There's an argument that President Bush's international style is too arrogant and inflexible, thus creating hard feelings, and leading to less economic and security cooperation with other nations.
The real argument is not about style, it's about policy. Were certain policy goals worth the risk of angering certain other nations? Any international hard feelings were spawned by policy disagreement, as in "If you disagree with me you are inflexible and polarizing."
"Bush's style" is a straw man. An argument about policy can morph into a separate argument about style, with the style winner hoping to declare proxy victory in the policy argument, even though the policy argument has not actually been resolved. It's sometimes hard to see this, whether you are the morpher or the morphee, so to speak. It was a long time before I saw the fallaciouness of the "style" argument.
From Wikipedia, the free encyclopedia.
The straw-man rhetorical technique [...] declaring one argument's conclusion to be wrong because of flaws in another argument.
When Senator Kerry says he would "reestablish credibility in the rest of the world," he's making a straw man argument about style. Kerry hopes to win the straw man argument and go on to declare victory in the policy argument.
Update 7/26/04
Andrew Sullivan in The Sunday Times of London- "The argument Kerry must make is that he can continue the substance of the war, but without Bush's polarizing recklessness."

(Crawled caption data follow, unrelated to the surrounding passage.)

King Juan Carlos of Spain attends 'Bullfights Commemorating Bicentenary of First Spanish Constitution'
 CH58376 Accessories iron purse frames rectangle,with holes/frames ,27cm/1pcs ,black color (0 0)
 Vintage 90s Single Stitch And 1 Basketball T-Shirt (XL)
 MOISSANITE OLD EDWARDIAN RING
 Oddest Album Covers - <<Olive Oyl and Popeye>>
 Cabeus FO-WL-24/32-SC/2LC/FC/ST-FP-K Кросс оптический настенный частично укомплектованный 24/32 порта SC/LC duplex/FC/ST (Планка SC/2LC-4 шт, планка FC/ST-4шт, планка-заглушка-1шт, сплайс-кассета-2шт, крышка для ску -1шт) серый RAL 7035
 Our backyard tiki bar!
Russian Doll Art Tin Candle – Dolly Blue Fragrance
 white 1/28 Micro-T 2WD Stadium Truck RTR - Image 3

"Continue the substance of the war" is code language for discontinuing large portions of the current war policy. Sullivan is trying to win a policy argument without arguing policy. He's setting up Bush's leadership style as a straw man. The real argument is about policy. If Bush's policy equated to police action, his current critics would not accuse him of "polarizing recklessness." Style is a straw man. Policy is what Sullivan is not addressing.